▸ **Task to carry out**:
Stop after the line with "un hôtel avec"; until then, please copy every line of the records word for word from the first.

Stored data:
■ ■ ■ ■

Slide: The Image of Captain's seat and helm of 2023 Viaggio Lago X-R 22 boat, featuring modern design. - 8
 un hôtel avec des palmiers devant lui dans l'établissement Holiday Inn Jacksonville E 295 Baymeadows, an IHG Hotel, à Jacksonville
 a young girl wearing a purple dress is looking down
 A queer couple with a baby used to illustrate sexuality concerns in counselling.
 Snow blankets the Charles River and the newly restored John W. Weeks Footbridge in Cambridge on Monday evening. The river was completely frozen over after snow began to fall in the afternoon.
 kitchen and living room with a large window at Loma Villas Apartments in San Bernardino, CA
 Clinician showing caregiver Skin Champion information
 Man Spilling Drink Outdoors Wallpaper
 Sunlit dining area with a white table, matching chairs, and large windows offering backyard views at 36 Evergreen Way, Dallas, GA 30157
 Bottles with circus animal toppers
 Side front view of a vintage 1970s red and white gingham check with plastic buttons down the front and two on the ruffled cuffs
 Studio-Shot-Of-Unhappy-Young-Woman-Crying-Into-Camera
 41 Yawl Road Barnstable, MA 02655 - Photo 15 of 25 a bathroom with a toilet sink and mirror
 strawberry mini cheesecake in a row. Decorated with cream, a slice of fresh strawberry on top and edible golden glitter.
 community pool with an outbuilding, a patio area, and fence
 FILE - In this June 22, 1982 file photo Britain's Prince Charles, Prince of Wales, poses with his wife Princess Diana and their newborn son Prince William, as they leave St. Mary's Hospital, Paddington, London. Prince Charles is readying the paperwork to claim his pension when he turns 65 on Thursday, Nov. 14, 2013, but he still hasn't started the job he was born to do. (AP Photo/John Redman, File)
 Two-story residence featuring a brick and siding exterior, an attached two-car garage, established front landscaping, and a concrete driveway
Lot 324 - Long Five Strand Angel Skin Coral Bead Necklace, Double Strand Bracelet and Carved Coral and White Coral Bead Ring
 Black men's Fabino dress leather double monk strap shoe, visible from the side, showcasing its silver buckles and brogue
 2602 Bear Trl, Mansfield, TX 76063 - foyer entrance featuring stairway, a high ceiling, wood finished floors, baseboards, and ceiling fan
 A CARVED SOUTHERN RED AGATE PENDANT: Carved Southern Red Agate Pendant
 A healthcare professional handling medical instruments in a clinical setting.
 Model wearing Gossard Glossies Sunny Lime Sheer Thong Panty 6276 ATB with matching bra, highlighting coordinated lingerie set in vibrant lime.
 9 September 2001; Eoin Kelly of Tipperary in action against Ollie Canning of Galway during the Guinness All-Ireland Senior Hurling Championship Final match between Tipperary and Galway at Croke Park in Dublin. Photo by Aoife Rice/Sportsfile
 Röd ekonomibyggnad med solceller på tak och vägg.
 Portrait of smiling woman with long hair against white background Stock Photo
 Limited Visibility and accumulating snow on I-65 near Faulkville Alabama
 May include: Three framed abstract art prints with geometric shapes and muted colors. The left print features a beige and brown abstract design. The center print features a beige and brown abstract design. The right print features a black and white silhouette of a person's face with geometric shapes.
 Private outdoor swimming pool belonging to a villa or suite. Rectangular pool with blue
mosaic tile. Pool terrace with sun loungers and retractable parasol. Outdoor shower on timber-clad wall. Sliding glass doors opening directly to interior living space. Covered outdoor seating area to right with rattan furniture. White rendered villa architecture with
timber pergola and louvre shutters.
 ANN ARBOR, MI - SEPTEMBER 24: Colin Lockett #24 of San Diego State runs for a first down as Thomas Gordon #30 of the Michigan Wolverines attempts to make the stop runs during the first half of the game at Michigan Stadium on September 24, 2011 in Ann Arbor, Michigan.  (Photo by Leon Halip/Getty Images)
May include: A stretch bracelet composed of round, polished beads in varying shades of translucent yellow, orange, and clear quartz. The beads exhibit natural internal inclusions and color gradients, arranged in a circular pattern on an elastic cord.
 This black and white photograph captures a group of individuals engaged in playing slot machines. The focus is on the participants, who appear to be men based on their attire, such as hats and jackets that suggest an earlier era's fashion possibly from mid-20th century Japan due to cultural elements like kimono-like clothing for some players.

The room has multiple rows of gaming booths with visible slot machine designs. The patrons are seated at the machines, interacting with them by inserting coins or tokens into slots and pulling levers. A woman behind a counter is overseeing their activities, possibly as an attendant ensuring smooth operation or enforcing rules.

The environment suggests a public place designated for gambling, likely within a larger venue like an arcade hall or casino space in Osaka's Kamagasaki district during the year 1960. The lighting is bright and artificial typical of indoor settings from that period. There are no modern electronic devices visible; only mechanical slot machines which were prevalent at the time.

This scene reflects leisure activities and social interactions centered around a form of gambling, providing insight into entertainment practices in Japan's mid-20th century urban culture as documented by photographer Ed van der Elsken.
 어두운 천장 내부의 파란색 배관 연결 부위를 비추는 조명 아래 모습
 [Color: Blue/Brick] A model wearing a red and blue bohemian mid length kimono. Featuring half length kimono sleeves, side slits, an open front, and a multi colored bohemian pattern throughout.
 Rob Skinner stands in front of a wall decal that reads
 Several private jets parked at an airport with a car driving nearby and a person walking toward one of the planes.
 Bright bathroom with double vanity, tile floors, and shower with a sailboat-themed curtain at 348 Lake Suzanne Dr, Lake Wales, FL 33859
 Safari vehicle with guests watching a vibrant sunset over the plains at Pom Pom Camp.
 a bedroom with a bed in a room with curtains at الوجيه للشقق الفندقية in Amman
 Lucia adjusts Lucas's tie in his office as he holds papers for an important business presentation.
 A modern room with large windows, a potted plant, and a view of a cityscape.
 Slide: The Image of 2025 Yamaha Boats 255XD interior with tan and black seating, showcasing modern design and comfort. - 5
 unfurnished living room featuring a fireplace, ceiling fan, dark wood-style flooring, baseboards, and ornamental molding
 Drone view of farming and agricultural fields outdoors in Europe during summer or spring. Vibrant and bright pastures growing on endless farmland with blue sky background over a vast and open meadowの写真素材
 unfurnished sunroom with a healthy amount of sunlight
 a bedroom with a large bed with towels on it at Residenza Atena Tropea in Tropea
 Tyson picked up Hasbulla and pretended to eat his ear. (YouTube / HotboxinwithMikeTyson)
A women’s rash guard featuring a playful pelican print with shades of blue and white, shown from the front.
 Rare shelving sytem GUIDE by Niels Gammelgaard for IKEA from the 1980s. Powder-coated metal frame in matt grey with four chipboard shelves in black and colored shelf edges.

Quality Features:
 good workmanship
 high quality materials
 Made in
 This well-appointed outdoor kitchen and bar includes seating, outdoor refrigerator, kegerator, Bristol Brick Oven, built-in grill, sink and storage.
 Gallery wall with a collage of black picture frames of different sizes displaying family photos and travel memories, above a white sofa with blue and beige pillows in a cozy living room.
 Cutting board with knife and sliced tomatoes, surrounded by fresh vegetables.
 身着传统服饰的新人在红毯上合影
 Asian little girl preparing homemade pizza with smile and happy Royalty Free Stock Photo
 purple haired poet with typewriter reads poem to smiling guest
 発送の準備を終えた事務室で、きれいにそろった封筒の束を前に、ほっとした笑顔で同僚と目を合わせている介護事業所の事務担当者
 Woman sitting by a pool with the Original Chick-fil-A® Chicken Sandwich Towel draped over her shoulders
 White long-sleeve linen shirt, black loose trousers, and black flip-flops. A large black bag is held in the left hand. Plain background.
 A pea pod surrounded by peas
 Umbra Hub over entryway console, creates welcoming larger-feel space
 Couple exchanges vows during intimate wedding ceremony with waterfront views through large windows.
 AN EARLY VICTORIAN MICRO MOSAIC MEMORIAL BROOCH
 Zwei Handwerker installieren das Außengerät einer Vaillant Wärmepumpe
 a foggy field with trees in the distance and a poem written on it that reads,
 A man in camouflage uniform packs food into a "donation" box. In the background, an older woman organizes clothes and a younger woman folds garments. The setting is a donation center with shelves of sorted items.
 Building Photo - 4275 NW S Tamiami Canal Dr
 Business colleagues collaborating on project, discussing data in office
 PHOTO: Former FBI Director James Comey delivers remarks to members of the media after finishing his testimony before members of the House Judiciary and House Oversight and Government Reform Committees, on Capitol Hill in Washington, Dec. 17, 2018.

■ ■ ■ ■

▸ **The completed task**:
Slide: The Image of Captain's seat and helm of 2023 Viaggio Lago X-R 22 boat, featuring modern design. - 8
 un hôtel avec des palmiers devant lui dans l'établissement Holiday Inn Jacksonville E 295 Baymeadows, an IHG Hotel, à Jacksonville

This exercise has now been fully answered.